Le premier temps de ce développement est constitué d’une reformulation du lemme scripturaire, indiquant en quel sens il convient de le comprendre. Le sens général est conservé – tout au plus Philon glose-t-il « ne passe pas outre » en ajoutant un deuxième verbe : « que Dieu ne passe pas outre ni à l’écart » – mais il est complété par des éléments qui orientent sa compréhension. Philon ajoute ainsi une qualification de la demande, présentée comme « quelque chose de grand », et précise qu’elle s’applique à l’âme, qui ne doit pas être laissée « déserte et vide ». Philon confirme ainsi le registre dans lequel il situe son analyse : non plus la vie sensible, mais celle de l’intellect, dans l’âme. Le seul élément notable ajouté par Philon est l’association entre présence de Dieu et lumière, mais il a lui-même été déjà largement développé, sans même référer au De Abrahamo, dans les deux premières quaestiones : l’intellect est ce qui permet à l’âme de voir les réalités intelligibles, en étant éclairé par la « lumière incorporelle et éternelle » que Dieu fait rayonner.
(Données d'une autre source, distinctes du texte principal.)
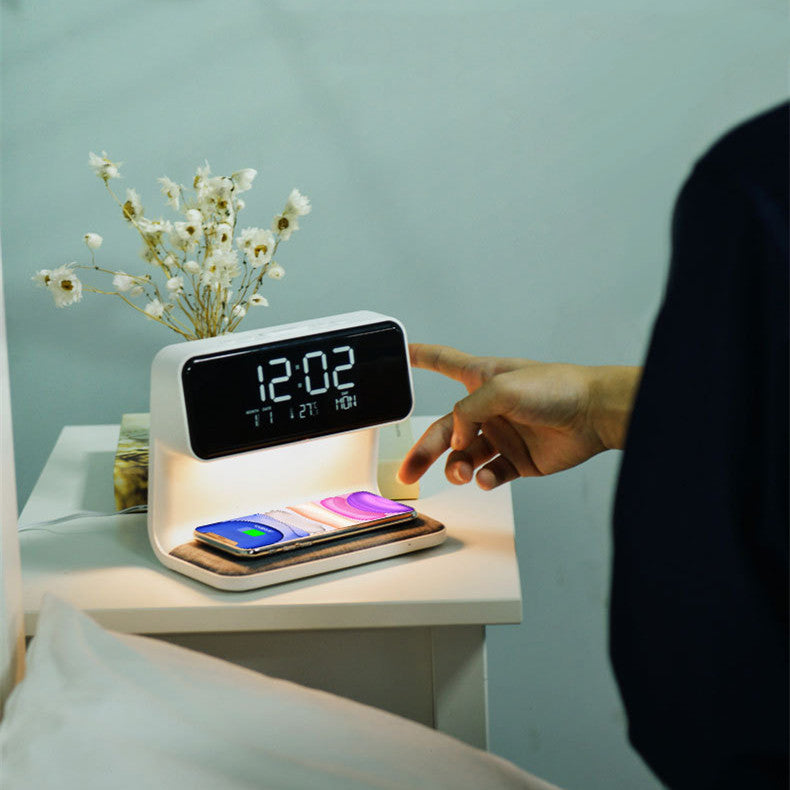 CQ Creative 3-in-1 Bedside Lamp with Wireless Charging and LCD Alarm Clock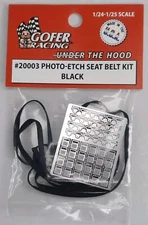 GOFER RACING Photo Etch Black Seatbelt Kit for MODEL KITS 1/24 1/25 20003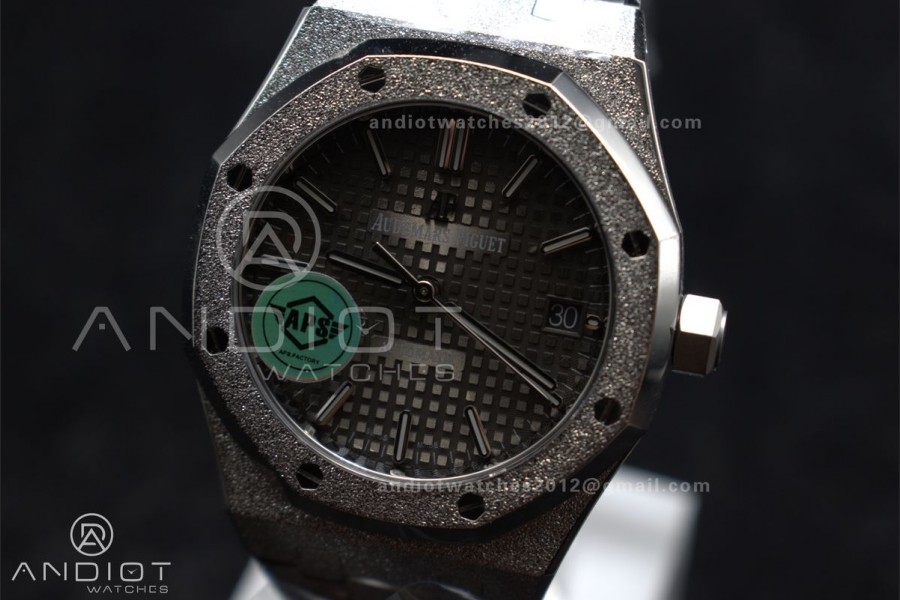 Royal Oak 37mm 15454 Frosted SS APSF 1:1 Best Edition Grey Textured Dial on SS Bracelet SA3120 Super Clone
L’enjeu est donc de comprendre en quel sens Abraham peut désirer en son âme que Dieu ne passe pas à l’écart et ce que cela signifie en termes de grâces reçues 358. Si la demande est grande, c’est qu’elle a pour objet Dieu lui-même, et que cela concerne « la limite » de son bonheur 359, c’est-à-dire probablement, plutôt que le terme ὅρος, suggéré par Marcus 360, le terme de τέλος, la « fin » ou le « terme » du bonheur.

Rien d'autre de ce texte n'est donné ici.